Both Gates and Panetta argued that if the president intervened to protect civilians, he would establish a policy position that would require him to do so in other countries under similar circumstances — in the midst of the Arab Spring — or risk U.S. credibility abroad. The U.S. military was capable of doing the job — the question was whether or not it should be done.

Gates and Panetta further argued that this was neither wise nor prudent, given the enormity of the U.S. debt and our inability to finance such military interventions, as well as the frequency with which they would be required, given the state of affairs in the region. In light of the current situation in Libya, Syria, Iraq, etc. and the negative international response to the lack of action and leadership displayed by the Obama administration to date, it is scary to think about just how right these two men were.

At the time, their collective advice did not fall on deaf ears as, by all accounts, Obama was also not keen to take military action. However, it has been well documented that the president was swayed by then-Secretary of State Clinton and then-Special Assistant to the President Samantha Power to do just that.

Clinton argued passionately in favor of military intervention to prevent additional civilian casualties at the hands of Moammar Gadhafi’s forces. Clinton’s husband, former President Bill Clinton, describes his failure to intervene in the Rwanda genocide as the lowest moment of his presidency. Bearing that in mind, Secretary Clinton did not want a similar event to occur on her watch as secretary of state, because she intended to run for the presidency in 2016 and didn’t want to give her challengers any ammunition to use against her. So, she decided to push for action despite the advice against doing so by her colleagues at CIA and the Pentagon.

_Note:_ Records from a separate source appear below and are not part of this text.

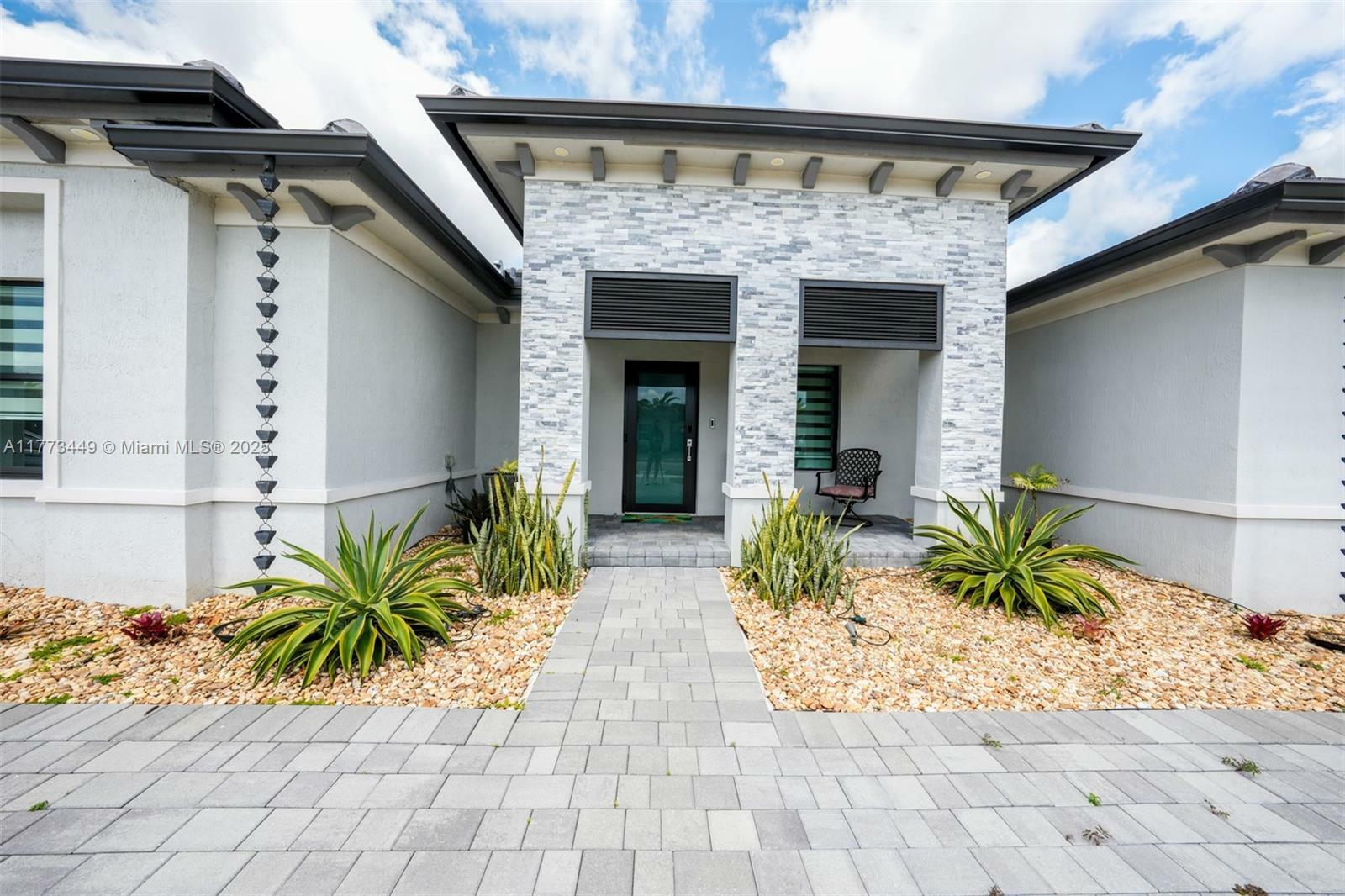 Property Photo: 19080 SW 133 Ct FL 33177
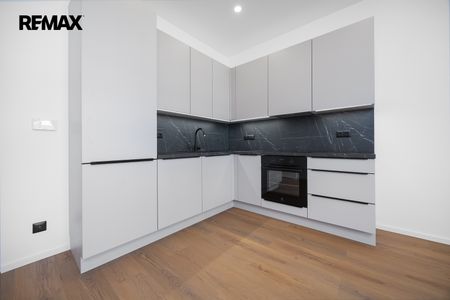 Pronájem bytu 2+kk v osobním vlastnictví 46 m², Praha 4 - Nusle - Фото 4
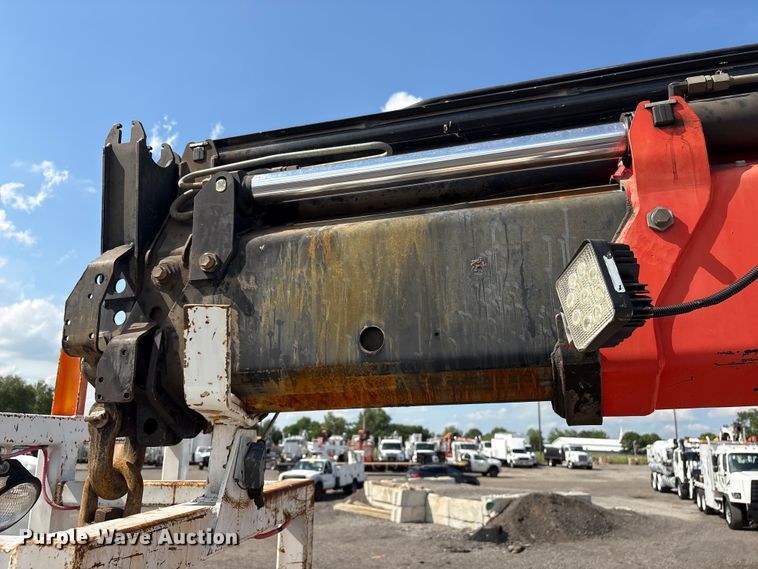 image for item EG9165 2007 Freightliner Business Class M2 Crew Cab crane truck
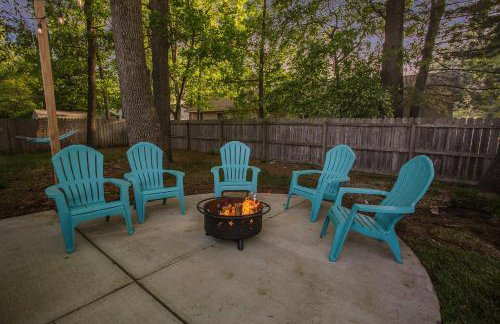 ATLAS - Whole House - 5BR 2BA - Hot Tub - Game Rooms - Theater - Fenced Backyard - Foto 36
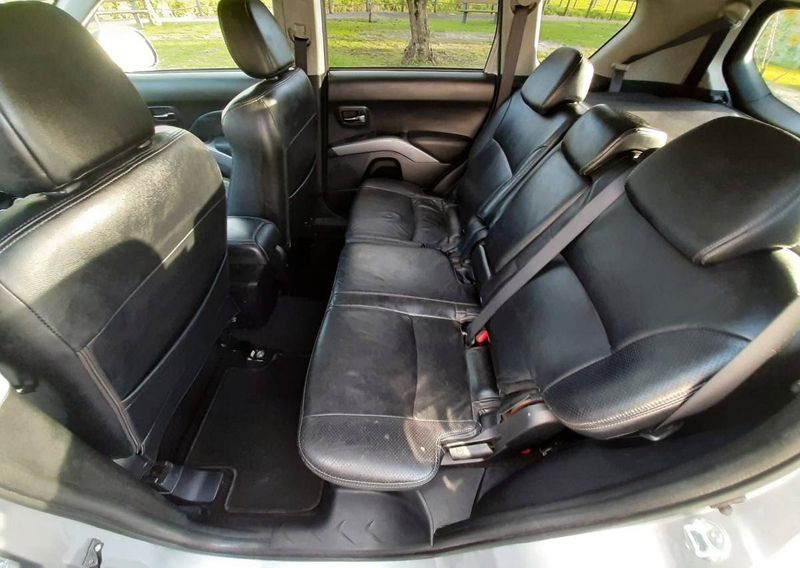Mitsubishi Outlander • 2009 • 180,000 km 4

The problem was that Clinton’s State Department lacked a plan, and remained woefully underprepared and under-resourced, to assist the post-Gadhafi government in Libya with either nation- or state-building.

This is incredible, as Democrats have spent the last 10 years lambasting the former Bush administration for failing to have a post-invasion plan for Iraq following the overthrow of Saddam Hussein in 2003. Only in this case, it is even more incredulous because both Obama and Clinton had the hindsight of the failures of Iraq.

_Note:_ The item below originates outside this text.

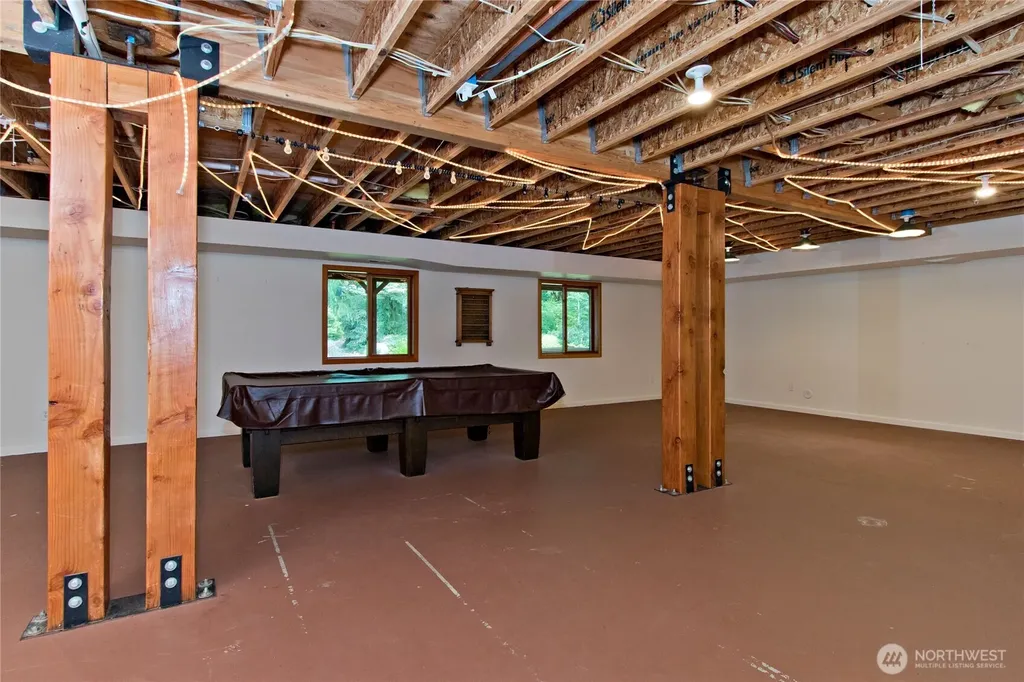 35800 249th Avenue SE Enumclaw WA 98022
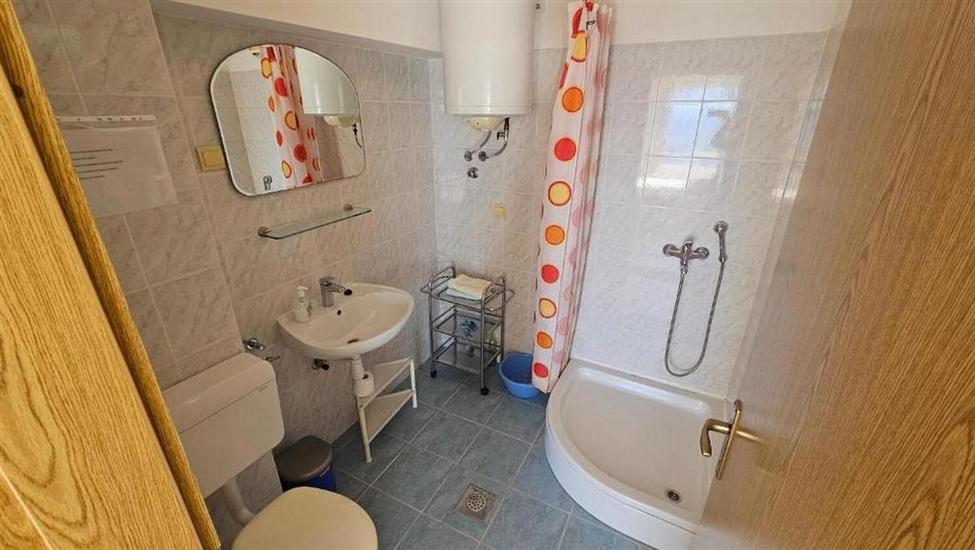 Room S1, for 2 persons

The same failures have now occurred in Libya, and the Obama administration doesn’t have a plan or a policy to address it despite having campaigned on the Iraq issue for many years. For Clinton, however, that was less important than allowing a large number of civilians to be killed on her watch (though her motivation was less than noble). So long as the U.S. military prevented further civilian casualties, the failure of the overall U.S. policy in Libya would be someone else’s fault, as she knew her time in the administration was rapidly coming to a close as she prepared for her almost-certain presidential run.

Most importantly, the current crises in both Iraq and Syria should serve as yet another warning to the administration about the negative effects of failing to plan and adequately resource the State Department and other government agencies and departments charged with nation and state building. Libya, Iraq, Egypt, Syria and many other countries lack the basic social and political institutions required to facilitate the transition to a peaceful democracy.

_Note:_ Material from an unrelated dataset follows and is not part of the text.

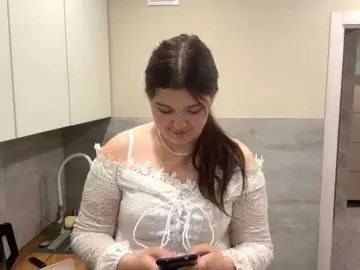 AshleaReuer  live sex cam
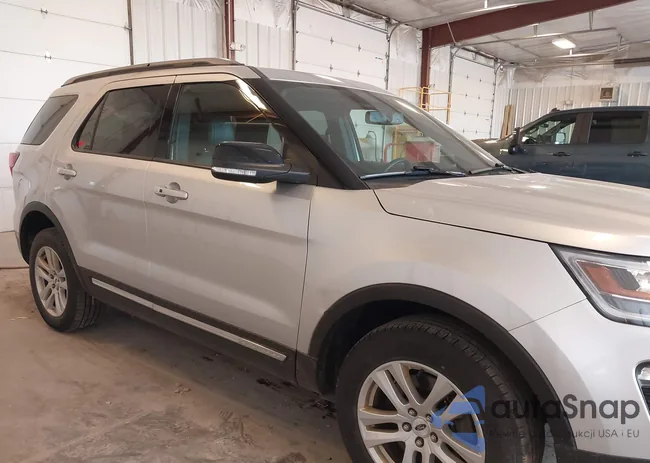 1FM5K8D83JGC40596: 42263327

It is worth noting that democratizing states tend to be the most violent, but this can be mitigated to a certain extent by ensuring the engines of social and political changes are healthy and functioning.

This is particularly relevant and timely, given the situation in Syria and the fact that the United States is supporting the rebel forces. The U.S. must have a plan to support a post-Assad Syria, and ensure that those charged with doing so are both manned and resourced to accomplish the task. The U.S. military is capable of winning the war. The State Department and others remain incapable of winning the peace.

Joseph Miller is the pen name for a ranking Department of Defense official with a background in U.S. special operations and combat experience in Iraq and Afghanistan. He has worked in strategic planning.